Un nul à Auxerre et le RC Lens est Champion de France à la dernière journée, dans une année charnière pour le foot français.  » Je pense instinctivement à notre arrivée à l’aéroport « , rembobine Guillaume Warmuz, taulier dans les cages lensoises.

 » On avait hâte de voir comment ça allait se passer parce qu’on savait qu’on allait être attendus. Au final, le club a été obligé d’ouvrir le stade pour fêter ça, si ce ne sont pas les portes qui ont été forcées !  »

Supporters et joueurs communient pendant plus d’une demi-heure, dans un Bollaert plein à craquer. Du jamais vu.  » C’est une émotion extrême qu’on ne peut pas décrire. Généralement, elle dure 24, voire 48 heures, mais celle-là, on voudrait la garder pour toujours.  »

Et l’émotion continue en Ligue des Champions la saison suivante. En poules, Lens doit affronter le Panathinaïkos, le Dynamo Kiev et Arsenal. Après un nul à l’aller (1-1), les Sang et Or débarquent à Wembley le couteau entre les dents. Mieux, ils repartent avec une courte victoire, 0-1.

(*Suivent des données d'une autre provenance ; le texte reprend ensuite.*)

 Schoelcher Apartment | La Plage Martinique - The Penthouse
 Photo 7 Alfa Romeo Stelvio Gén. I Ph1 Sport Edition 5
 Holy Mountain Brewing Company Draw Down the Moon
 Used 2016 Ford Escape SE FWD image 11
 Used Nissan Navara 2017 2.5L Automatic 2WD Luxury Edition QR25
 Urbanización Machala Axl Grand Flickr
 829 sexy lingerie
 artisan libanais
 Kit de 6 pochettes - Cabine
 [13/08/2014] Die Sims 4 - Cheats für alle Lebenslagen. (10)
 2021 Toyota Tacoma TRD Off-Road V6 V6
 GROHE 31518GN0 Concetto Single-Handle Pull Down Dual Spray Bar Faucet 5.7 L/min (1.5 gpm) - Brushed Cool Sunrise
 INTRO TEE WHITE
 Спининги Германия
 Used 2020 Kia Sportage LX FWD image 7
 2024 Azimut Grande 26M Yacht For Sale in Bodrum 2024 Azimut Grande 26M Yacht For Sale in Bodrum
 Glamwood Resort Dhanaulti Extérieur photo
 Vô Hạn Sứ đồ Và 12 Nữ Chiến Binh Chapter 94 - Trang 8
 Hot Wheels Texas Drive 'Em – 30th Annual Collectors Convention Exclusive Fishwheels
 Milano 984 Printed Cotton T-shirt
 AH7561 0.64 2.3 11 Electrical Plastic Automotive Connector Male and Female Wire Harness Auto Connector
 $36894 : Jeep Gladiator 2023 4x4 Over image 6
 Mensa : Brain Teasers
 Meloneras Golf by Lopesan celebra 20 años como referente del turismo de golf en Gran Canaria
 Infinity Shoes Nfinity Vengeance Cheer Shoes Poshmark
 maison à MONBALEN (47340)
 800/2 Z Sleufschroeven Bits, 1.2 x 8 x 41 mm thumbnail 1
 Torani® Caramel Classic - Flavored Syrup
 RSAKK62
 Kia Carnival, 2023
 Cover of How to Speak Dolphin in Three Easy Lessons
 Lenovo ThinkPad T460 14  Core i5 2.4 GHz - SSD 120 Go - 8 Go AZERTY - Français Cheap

Warmuz :  » Un de mes souvenirs les plus forts. Je me souviens qu’à la fin du match, après avoir discuté avec DavidSeaman, je me suis retrouvé seul dans le stade, ils venaient d’éteindre les lumières. Je suis resté là, accoudé à mon strapontin et je me suis dit : ‘Putain, j’ai gagné à Wembley‘.  »

Lens reste et restera le seul club français à réaliser cet exploit. Malgré cela, le Racing ne parvient pas à se qualifier pour le tour suivant. Mais ramène quand même un titre à la maison : la Coupe de France.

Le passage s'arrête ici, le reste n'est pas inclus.